When there's a clash between two titans of industry, the line between healthy capitalistic competition and all out war is a very fine one. Inevitably, due to either ingenuity or luck, there's a winner and loser even if the latter doesn't necessarily go belly up. From using Trojan horses in black plastic to penetrating a lucrative HD movement, to the bloody race in the American West that culminated in the completion of the Transcontinental Railroad, here are the stories of 10 of the most interesting brand wars of all-time.

Blu-ray vs. HD DVD

While the PlayStation 3 certainly satisfied the hunger of gamers pining for next generation execution from the bright minds at Sony, little did they know that the device they were hooking up to their HD TV's was a potential Trojan horse in Blu-ray's attempt to solidify itself as the format of choice for HD media. Pitting Sony's aforementioned Blu-ray vs. Toshiba's HD DVD, the potential victor would secure billions of dollars not only from DVDs, but video games and the right to distribute materials from the major studios in Hollywood. On one hand, Sony promised more storage space, while Toshiba's plan included comparable storage for almost half the price. Ultimately, it was Hollywood that balked at Toshiba, earning Sony the whole pie as opposed to merely a slice of the $42 billion dollar global home entertainment market. By February 19, 2008, Toshiba officially announced that it would stop the development of the HD DVD players - thus ending the war.

adidas vs. PUMA

When you pair brothers and business, it can either end up strengthening a family bond, or become a Cain and Abel-like situation where one or both individuals want to shed the shared blood that is pumping through each other's veins. The latter could best describe what happened between Adi and Rudi Dossler just as World War II was starting.

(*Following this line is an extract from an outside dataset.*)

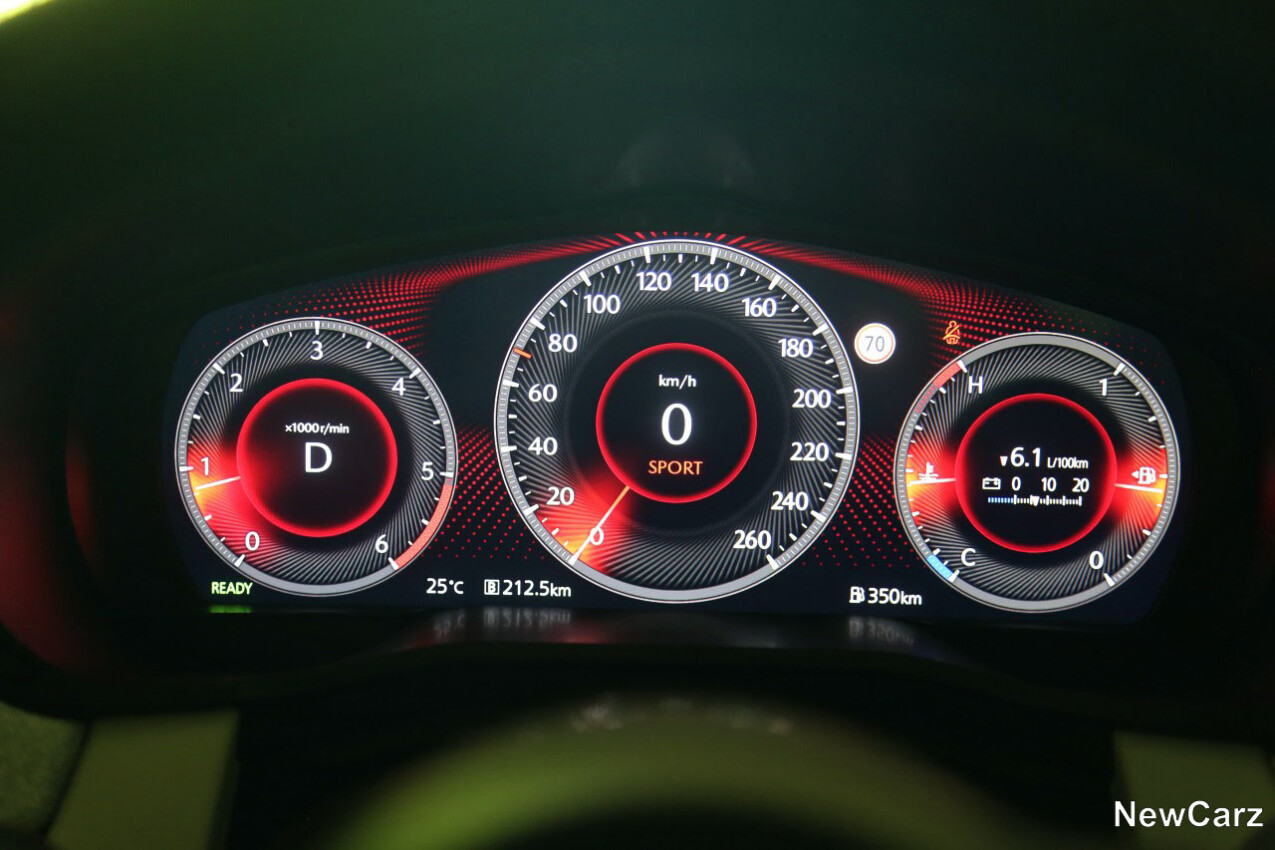 Mazda CX-80 Cockpit in Sportmodus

Prior to the war, the brothers were in business together and operated under the Dassler Brothers Sports Shoe Company banner - working out of their mother's laundry room in Herzogenaurach, Germany - and receiving their first taste of success when they managed to get Jesse Owens to wear their Waitzer model shoes as he competed and won four gold medals in the 1936 Olympics. While it may seem a strange notion for the Germans to help out an American runner, the head coach of the German track team, Jo Waltzer, and friend of Adi, saw the Olympics as a "fair play" display of sportsmanship. Thus, despite risking being found out by the Nazis, he got the shoes to Owens who "wanted those shoes or none at all."

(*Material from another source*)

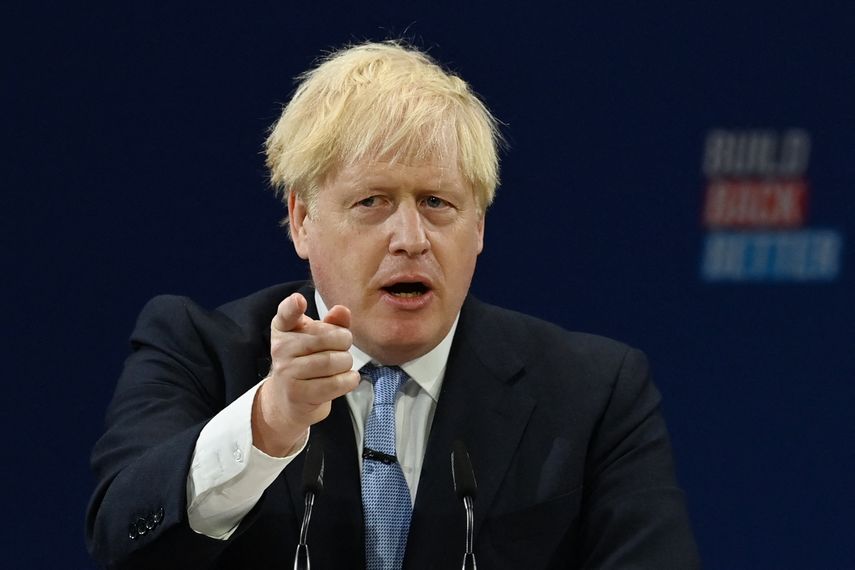 Johnson defiende reactivación y mejores salarios tras Brexit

As the war escalated, there's one particular instance that many suggest was the root of the feud. According to Fortune, "when the Allies were bombing Herzogenaurach, Adi and his wife climbed into a bomb shelter already occupied by Rudi and his wife. [Adi] exclaimed, 'The dirty bastards are back again,' referring to the Allied forces. Rudi was convinced the remark was directed at him and his family." Continuing, "When Rudi got called up for service, he suspected Adi and his wife had schemed to get him sent to the front so they could have him out of the way at work. Later, Rudi was arrested first for deserting his post and then by the Allies on suspicion of working for the Gestapo. On both occasions, Rudi was convinced that Adi was the one ratting him out, his suspicions confirmed by a report filed by an American investigating officer. While Rudi languished in a prisoner of war camp, Adi rebuilt the business, selling shoes to American G.I.s."

By 1948, the companies had been split between Adi's "adidas" and Rudi's "Ruda" (which would later be changed to the more athletic sounding "PUMA") with the Aurach River separating the two factories. Since so many people's livelihoods were attached to who came out the victor, Herzogenaurach became known as the “the town of bent necks” because everyone would immediately look to see what kind of shoes you were wearing.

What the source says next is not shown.